Honest question: do you love to read the Bible? Do you wake up in the morning with an uncontrollable eagerness to open up the Scriptures as if the most important thing to schedule in your day is time in the Word? Do you have a burning desire to spend as much time as you can in the Bible?

I wish I could answer those questions with an unqualified “yes.” I can’t.

I’m guessing many of you are like me. It’s not that we don’t love the Bible. It’s not that we don’t value our quiet moments alone in the text. It’s just that ‘desire’ is a strong word to associate with the Bible. ‘Spiritual discipline’ or ‘necessity’ rings a little truer.

Of course, some Christians rarely read the Bible, if at all. Their spiritual itch is scratched by the Bible app’s Verse of the Day and they’re content to leave God’s Word for the pastors and seminarians. After all, there’s no sense in trying to read a book that’s hard to understand.

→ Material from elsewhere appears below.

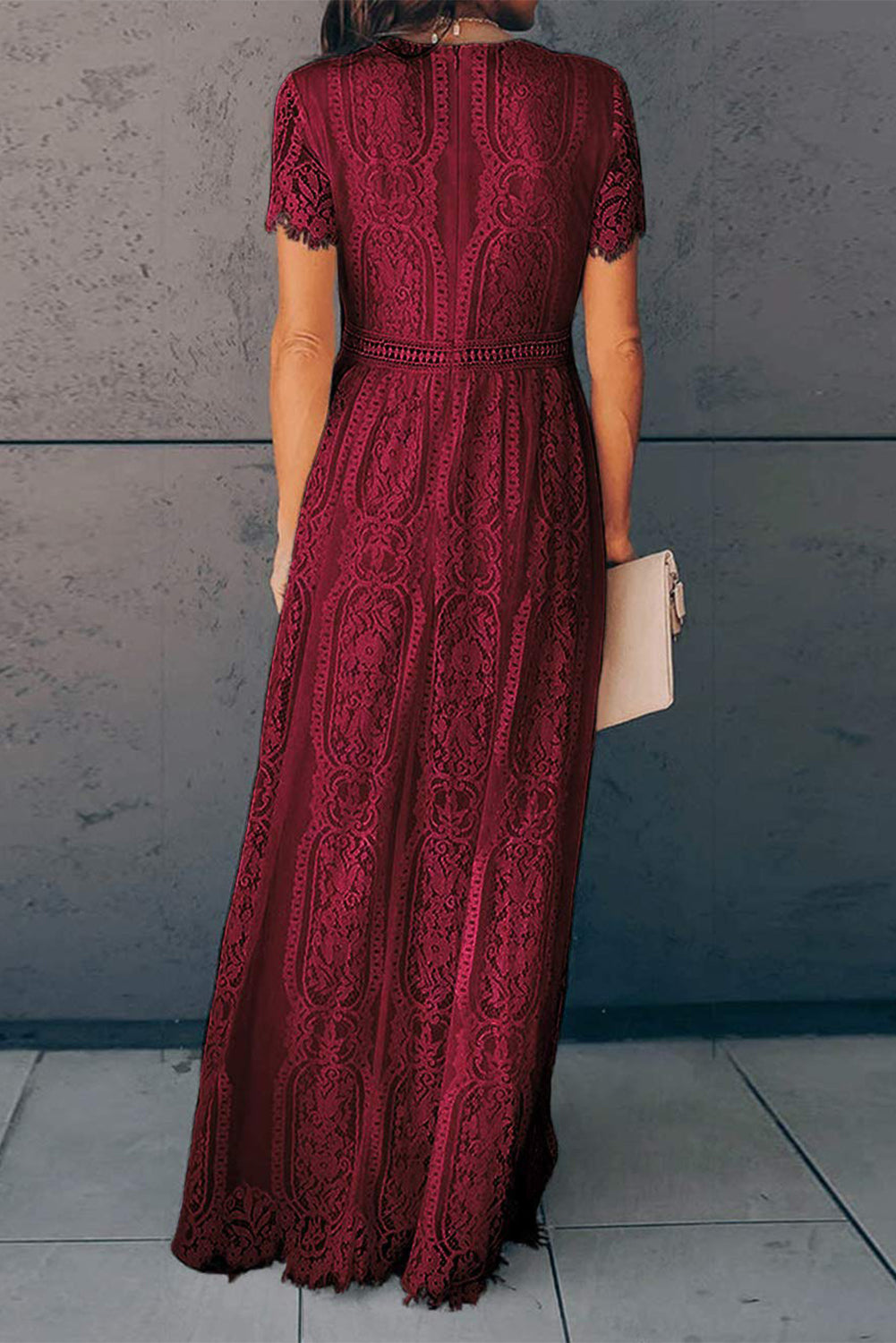 Burgundy Deep V Neck Short Sleeve Lace Maxi Dress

I think both groups of people are missing it. I think I’m missing it. Our almost universal lack of desire testifies to the reality that we don’t fully grasp the grace-filled privilege it is to have a Bible.

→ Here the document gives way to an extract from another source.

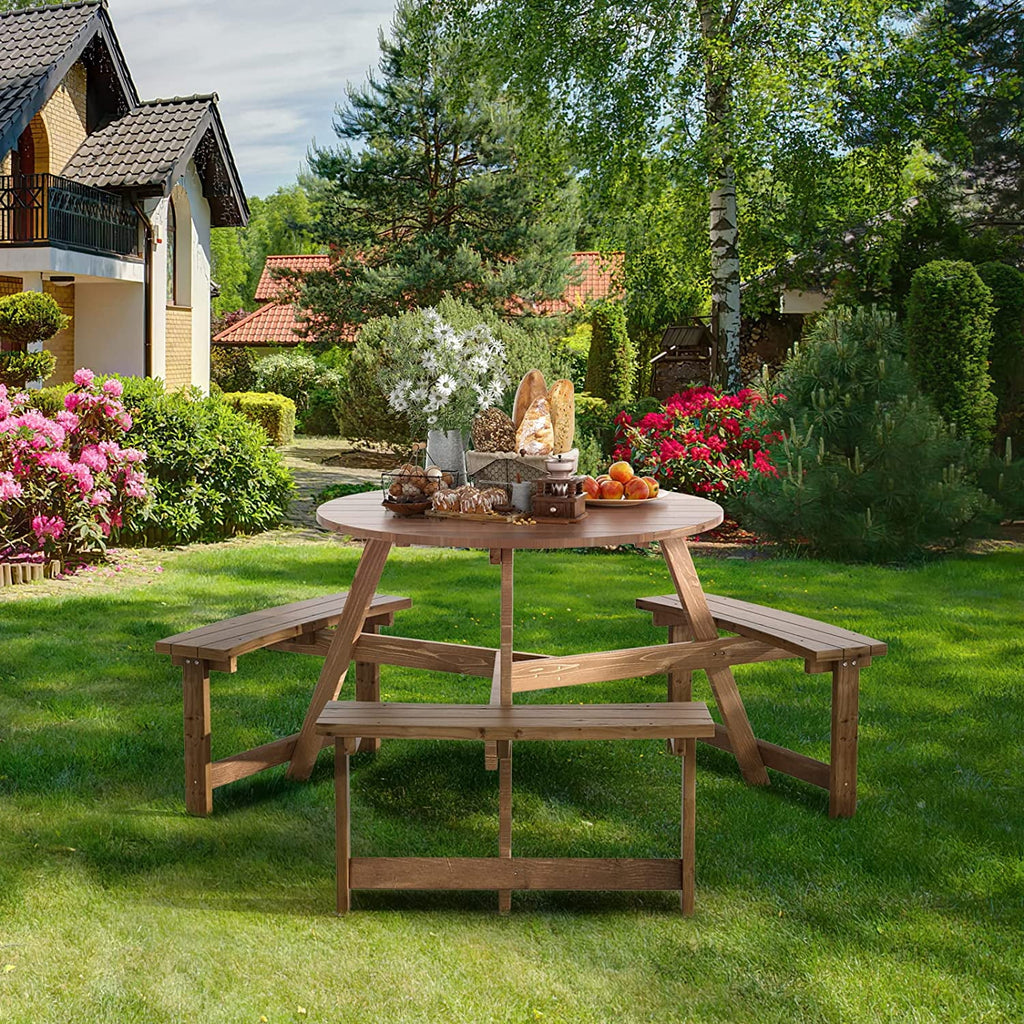 6 People Wooden Picnic Table Bench Set with Umbrella Hole U3551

I recently finished a biography about William Tyndale, a key player in the Protestant Reformation during the 16th century. Most people are familiar with reformers like Martin Luther or John Calvin (and for good reason), but I would make the argument that Tyndale has more influence on your day to day faith.

He’s the man responsible for giving us an English translation of the Bible. In England, prior to him, the Bible was strictly in Latin because Latin was the language of the elite and astute. In a very real sense, the Catholic church thought it was a ‘holier’ language.

Tyndale, however, had a pastoral heart. He thought the Bible ought to be accessible and readable for everyone, not just the priests, scholars, etc. Not only that, his burning desire was to have an unadulterated English translation based on the original Greek and Hebrew languages.

So Tyndale learned Greek. Then he learned Hebrew. Then he began translating. By the 1520’s and 30’s, the English people had a Bible they could read in a vernacular they could understand. It was a game-changing moment.

The church and the government, however, did not approve. They burned his Bibles in public, arrested and charged anyone who was found with one in their possession, and they hunted him down like a dog.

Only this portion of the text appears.